*** Opening DATA SECTION ***

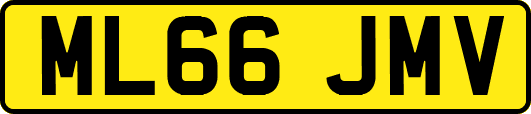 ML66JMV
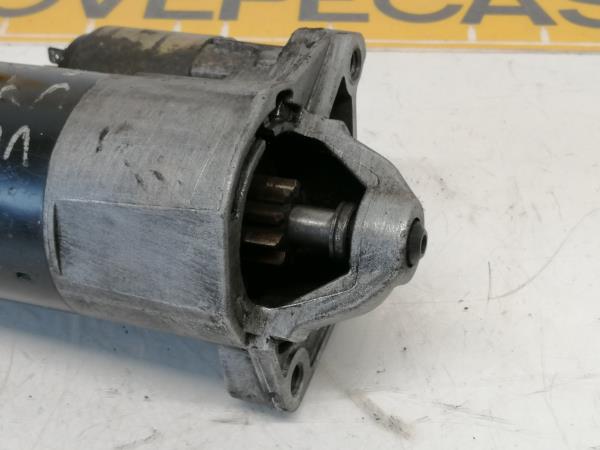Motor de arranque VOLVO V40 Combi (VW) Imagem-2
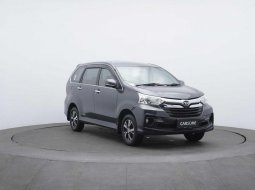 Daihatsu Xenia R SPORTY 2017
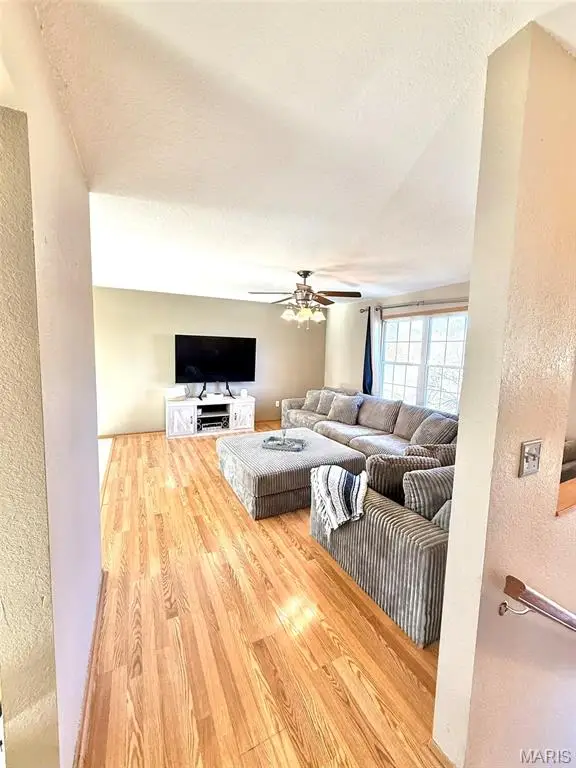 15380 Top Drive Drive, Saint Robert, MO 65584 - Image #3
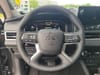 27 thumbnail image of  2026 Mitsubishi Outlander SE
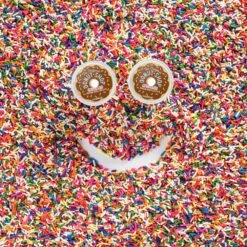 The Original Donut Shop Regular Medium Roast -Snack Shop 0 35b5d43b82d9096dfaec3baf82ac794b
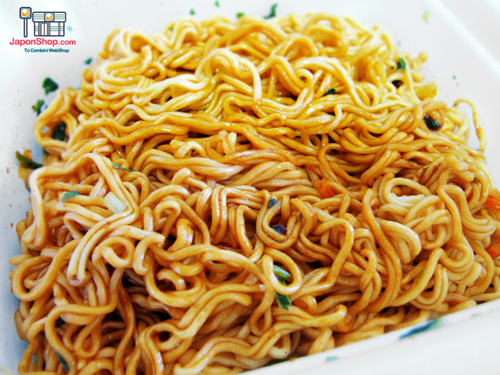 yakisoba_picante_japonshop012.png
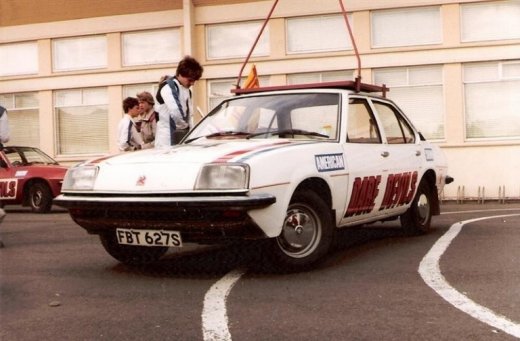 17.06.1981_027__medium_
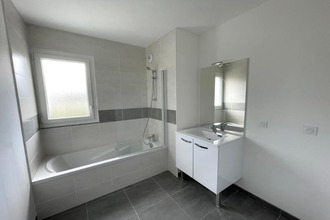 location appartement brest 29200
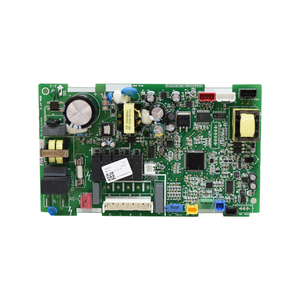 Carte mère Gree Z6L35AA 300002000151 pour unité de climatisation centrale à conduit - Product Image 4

*** Closing DATA SECTION ***
*** Opening DATA SECTION ***

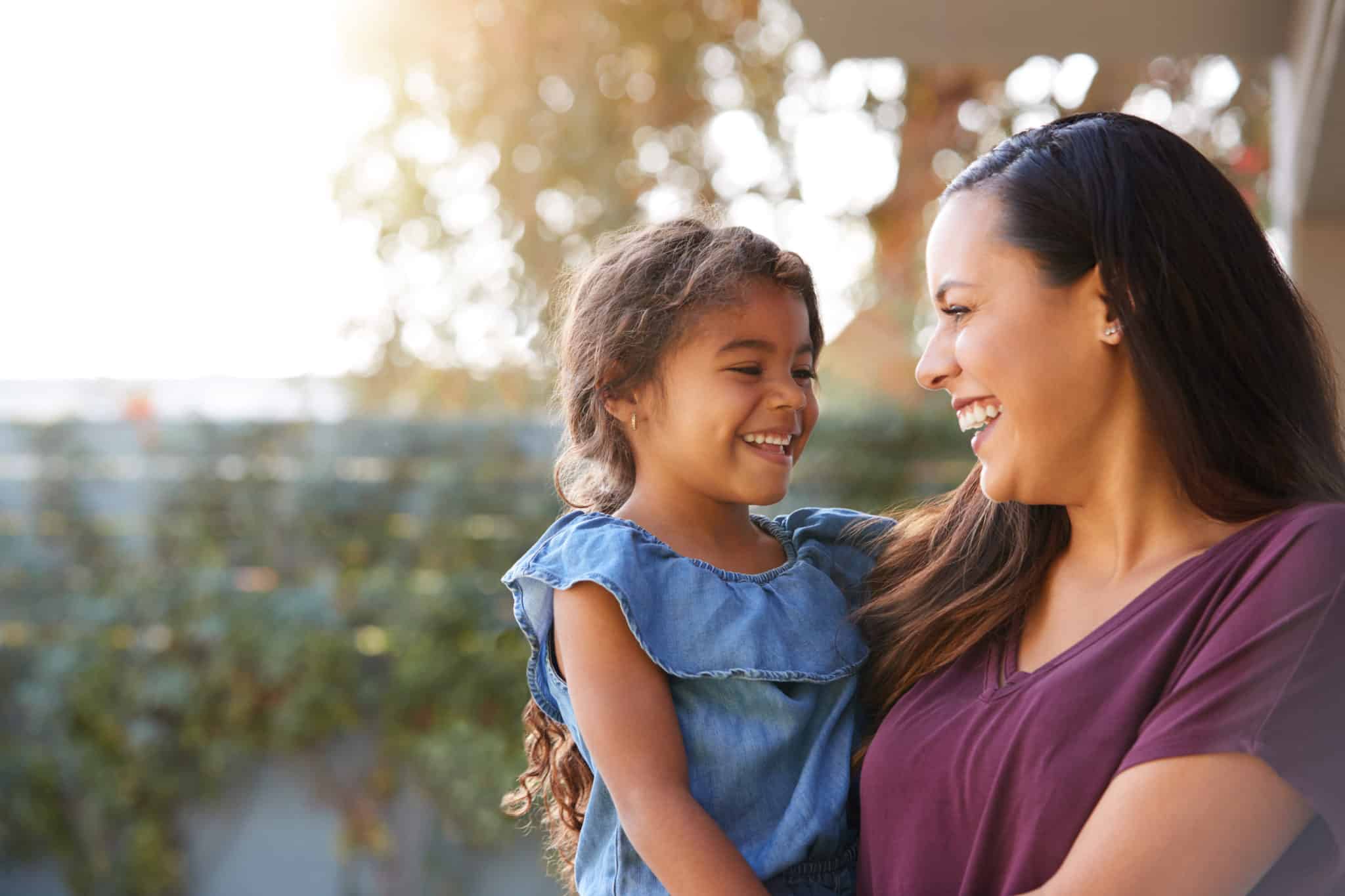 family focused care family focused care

*** Closing DATA SECTION ***
*** Opening DATA SECTION ***

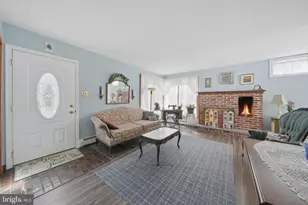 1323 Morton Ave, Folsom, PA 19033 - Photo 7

*** Closing DATA SECTION ***

> EXERCISE PROMPT
Take the material above from the line containing "15380 Top Drive" up to and including the line containing "location appartement brest 29200" and retype it exactly, without any pictures.

> SOLUTION
 15380 Top Drive Drive, Saint Robert, MO 65584 - Image #3
 27 thumbnail image of  2026 Mitsubishi Outlander SE
 The Original Donut Shop Regular Medium Roast -Snack Shop 0 35b5d43b82d9096dfaec3baf82ac794b
 yakisoba_picante_japonshop012.png
 17.06.1981_027__medium_
 location appartement brest 29200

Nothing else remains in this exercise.